Desdobramentos e reações:
Messias planeja solicitar ao ministro da Justiça, Wellington Lima e Silva, informações atualizadas acerca do Discord, com o intuito de embasar a ação civil pública que busca a responsabilização e a suspensão de sua utilização no Brasil, ressaltando que a plataforma não demonstra comprometimento com a legislação nacional e a proteção de menores.
“Irei pedir formalmente ao ministro da Justiça que me envie todas as informações pertinentes à AGU para que possamos articular uma ação judicial. Nossa intenção é garantir a proteção das crianças e adolescentes ao pedirmos a suspensão do uso dessa plataforma, que não cumpre com suas responsabilidades legais,” afirmou Messias.
Essa movimentação ocorre após um trágico incidente no dia 22 de julho, quando uma jovem atentou contra a própria vida durante uma transmissão ao vivo no Discord. O evento, que durou cerca de 45 minutos, ocorreu na residência da família da adolescente localizada em Naviraí, a 365 quilômetros de Campo Grande (MS).
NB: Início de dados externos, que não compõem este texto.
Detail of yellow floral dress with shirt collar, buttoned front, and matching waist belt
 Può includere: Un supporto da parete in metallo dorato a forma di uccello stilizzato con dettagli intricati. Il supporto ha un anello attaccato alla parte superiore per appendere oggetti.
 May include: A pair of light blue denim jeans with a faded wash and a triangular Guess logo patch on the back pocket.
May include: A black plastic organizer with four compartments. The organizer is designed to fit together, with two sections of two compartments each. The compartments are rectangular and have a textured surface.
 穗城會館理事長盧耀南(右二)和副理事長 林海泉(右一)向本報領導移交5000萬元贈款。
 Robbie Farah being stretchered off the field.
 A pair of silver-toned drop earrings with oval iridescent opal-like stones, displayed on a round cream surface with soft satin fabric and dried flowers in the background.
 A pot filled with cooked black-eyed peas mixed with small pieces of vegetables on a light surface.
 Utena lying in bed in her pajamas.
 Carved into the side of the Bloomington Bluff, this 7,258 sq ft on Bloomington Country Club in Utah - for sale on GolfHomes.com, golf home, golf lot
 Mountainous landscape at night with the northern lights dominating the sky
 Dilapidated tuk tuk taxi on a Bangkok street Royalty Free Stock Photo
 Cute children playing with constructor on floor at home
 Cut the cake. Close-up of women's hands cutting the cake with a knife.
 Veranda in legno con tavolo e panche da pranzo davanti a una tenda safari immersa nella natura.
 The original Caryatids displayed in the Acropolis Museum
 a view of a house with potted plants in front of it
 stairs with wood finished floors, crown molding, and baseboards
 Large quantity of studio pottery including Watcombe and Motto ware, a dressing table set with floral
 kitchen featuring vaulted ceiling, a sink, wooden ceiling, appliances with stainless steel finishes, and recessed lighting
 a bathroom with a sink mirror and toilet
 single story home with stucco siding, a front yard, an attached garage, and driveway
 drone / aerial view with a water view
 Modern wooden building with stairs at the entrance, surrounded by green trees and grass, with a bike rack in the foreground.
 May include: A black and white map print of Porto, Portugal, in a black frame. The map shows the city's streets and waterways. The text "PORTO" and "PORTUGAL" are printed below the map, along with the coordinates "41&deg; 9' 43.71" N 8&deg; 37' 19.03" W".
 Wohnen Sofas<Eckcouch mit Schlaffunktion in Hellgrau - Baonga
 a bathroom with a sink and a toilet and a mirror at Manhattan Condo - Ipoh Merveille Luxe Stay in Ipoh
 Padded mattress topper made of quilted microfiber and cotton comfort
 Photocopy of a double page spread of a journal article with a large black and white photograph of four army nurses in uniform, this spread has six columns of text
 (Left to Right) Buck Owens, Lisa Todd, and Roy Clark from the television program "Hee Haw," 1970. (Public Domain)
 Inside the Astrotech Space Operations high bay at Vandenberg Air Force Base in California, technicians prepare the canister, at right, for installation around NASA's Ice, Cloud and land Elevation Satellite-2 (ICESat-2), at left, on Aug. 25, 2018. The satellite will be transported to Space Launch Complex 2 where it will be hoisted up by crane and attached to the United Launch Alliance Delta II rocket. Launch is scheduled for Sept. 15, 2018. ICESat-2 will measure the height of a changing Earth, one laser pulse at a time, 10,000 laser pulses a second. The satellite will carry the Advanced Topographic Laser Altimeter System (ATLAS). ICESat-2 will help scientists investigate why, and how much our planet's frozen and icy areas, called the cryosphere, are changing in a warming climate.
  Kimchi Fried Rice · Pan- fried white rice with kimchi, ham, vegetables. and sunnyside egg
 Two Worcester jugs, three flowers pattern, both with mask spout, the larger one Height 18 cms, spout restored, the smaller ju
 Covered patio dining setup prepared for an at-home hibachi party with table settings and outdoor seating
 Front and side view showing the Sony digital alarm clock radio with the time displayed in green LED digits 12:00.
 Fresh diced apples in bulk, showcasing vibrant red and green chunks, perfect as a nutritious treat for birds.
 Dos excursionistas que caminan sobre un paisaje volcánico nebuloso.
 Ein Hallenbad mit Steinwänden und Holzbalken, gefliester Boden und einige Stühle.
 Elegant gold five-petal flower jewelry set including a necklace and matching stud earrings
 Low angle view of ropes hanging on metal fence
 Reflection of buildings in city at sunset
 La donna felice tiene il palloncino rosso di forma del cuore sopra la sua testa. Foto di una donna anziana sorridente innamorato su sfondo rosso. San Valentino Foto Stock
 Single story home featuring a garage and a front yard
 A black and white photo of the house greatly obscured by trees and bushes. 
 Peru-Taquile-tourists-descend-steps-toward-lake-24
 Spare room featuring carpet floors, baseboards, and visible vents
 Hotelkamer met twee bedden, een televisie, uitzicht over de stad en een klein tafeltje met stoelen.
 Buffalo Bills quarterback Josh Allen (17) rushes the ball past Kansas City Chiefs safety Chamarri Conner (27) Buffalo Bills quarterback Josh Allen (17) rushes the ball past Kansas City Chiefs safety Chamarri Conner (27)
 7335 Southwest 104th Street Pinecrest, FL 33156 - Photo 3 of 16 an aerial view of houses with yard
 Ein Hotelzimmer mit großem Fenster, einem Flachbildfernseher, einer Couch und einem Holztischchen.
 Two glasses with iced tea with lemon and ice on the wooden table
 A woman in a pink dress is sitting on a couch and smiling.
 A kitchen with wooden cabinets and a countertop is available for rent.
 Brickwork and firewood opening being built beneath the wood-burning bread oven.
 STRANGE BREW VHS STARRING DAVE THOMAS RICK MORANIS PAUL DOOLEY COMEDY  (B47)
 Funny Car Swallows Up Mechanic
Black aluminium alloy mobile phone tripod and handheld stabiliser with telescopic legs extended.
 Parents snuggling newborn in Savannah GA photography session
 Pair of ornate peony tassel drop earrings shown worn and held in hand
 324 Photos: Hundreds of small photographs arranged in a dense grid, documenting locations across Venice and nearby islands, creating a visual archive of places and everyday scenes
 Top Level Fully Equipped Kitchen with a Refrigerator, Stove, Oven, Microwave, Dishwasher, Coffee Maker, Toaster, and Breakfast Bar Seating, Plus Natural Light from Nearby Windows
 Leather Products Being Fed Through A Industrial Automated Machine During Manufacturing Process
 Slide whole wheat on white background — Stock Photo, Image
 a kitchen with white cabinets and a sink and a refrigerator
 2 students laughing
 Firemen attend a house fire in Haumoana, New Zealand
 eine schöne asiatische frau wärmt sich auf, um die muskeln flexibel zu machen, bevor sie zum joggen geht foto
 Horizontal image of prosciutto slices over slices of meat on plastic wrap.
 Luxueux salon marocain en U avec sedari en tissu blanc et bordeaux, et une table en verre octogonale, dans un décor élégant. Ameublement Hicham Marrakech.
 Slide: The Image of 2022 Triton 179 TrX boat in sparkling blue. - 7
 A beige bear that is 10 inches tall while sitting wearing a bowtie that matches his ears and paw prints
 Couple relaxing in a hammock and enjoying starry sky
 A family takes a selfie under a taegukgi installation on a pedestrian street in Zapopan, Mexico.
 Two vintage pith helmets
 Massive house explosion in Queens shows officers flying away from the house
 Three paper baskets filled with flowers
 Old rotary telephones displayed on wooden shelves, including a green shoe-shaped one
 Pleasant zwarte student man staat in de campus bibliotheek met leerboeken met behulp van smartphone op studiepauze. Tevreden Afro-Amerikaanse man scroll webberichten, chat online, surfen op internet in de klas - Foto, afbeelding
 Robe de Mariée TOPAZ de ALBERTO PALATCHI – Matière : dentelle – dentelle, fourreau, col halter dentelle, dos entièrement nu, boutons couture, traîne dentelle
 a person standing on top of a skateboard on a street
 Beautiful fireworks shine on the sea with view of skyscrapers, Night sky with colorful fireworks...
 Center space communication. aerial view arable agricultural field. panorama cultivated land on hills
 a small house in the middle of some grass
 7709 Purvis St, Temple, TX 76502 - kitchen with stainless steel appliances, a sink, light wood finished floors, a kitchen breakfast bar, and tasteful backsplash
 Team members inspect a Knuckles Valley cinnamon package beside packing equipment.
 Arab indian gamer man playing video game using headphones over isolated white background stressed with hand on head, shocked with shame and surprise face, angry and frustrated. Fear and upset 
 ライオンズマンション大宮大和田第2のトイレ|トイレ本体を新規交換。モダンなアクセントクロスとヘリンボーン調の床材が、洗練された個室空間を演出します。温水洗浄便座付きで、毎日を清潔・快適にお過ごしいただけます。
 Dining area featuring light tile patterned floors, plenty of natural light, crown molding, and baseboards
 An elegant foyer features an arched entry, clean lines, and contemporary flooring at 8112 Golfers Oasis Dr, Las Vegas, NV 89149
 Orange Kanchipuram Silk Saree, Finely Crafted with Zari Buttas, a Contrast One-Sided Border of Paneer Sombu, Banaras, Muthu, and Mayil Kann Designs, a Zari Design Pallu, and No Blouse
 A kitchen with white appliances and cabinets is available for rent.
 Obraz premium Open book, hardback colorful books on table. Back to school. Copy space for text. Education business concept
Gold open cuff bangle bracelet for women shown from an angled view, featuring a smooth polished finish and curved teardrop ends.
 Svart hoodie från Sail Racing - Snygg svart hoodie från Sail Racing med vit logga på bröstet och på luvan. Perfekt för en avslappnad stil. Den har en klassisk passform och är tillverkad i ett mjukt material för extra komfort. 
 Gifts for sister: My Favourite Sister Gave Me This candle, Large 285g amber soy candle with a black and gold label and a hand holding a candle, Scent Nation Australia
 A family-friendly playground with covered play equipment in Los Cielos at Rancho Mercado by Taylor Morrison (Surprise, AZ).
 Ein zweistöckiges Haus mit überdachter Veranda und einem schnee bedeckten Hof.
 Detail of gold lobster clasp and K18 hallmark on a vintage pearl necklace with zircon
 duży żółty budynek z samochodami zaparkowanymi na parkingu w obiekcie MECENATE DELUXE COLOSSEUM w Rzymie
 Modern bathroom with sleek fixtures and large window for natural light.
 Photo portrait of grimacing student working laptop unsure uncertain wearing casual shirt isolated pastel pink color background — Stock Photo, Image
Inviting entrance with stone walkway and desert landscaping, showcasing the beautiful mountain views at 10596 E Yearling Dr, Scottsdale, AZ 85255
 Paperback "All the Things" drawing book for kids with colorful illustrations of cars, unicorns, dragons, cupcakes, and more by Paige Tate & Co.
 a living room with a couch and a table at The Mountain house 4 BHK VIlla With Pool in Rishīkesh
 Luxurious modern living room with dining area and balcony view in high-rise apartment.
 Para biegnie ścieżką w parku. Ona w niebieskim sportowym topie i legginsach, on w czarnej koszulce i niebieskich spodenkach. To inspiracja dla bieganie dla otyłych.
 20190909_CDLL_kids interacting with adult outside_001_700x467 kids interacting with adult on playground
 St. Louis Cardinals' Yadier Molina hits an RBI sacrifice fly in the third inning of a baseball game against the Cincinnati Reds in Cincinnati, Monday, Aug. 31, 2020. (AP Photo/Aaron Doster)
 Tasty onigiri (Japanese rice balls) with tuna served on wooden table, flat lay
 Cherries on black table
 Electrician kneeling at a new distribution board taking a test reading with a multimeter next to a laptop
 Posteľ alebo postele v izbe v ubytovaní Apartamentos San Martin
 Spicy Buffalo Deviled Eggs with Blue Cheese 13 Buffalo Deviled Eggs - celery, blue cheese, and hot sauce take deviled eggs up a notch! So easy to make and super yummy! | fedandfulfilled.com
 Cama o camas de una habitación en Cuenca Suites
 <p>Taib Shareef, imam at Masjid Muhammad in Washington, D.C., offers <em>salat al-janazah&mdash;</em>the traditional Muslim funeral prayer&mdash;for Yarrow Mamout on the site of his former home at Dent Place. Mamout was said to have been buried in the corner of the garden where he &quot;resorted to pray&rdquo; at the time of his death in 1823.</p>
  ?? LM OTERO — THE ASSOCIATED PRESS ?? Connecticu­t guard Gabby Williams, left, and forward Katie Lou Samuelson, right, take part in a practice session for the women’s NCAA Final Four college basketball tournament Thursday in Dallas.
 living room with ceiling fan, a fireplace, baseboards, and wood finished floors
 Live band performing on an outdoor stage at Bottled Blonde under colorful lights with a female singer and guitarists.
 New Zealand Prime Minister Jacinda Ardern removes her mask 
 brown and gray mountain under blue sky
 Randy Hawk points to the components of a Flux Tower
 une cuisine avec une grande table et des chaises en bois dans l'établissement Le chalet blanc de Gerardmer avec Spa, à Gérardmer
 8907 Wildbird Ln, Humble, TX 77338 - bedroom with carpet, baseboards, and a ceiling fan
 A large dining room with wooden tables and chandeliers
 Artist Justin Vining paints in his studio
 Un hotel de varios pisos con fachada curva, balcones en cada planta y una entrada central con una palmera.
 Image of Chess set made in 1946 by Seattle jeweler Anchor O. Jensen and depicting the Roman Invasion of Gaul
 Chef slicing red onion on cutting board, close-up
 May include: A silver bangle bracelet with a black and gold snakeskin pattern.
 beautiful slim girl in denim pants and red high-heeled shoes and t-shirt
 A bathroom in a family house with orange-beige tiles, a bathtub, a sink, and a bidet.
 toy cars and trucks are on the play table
Durante a transmissão, a jovem foi pressionada por usuários mal-intencionados a torturar e matar um gato, o que não ocorreu.
Em resposta a essa situação alarmante, a Polícia Civil de Mato Grosso do Sul, com apoio do Ministério da Justiça, lançou a Operação Lívia, que levou à apreensão de cinco menores de 13 a 18 anos em diferentes estados.
Lugares de suporte
Para adolescentes e qualquer pessoa que esteja enfrentando pensamentos de autolesão, é crucial buscar suporte em sua rede de apoio, como familiares, amigos, educadores, ou serviços de saúde.
O Ministério da Saúde enfatiza a importância de dialogar com alguém em quem confiam e não hesitar em procurar ajuda profissional.
A seguinte lista apresenta serviços de saúde a serem contatados:
- Centros de Atenção Psicossocial (Caps) e unidades básicas de saúde;
- UPAs 24h, Samu 192, prontos-socorros e hospitais;
- Centro de Valorização da Vida – 188 (ligação gratuita).
O Centro de Valorização da Vida (CVV) oferece apoio emocional e prevenção ao suicídio, atendendo de forma voluntária e gratuita pessoas que precisam de conversa, com total sigilo, por telefone (188), e-mail, chat e voip, 24 horas por dia.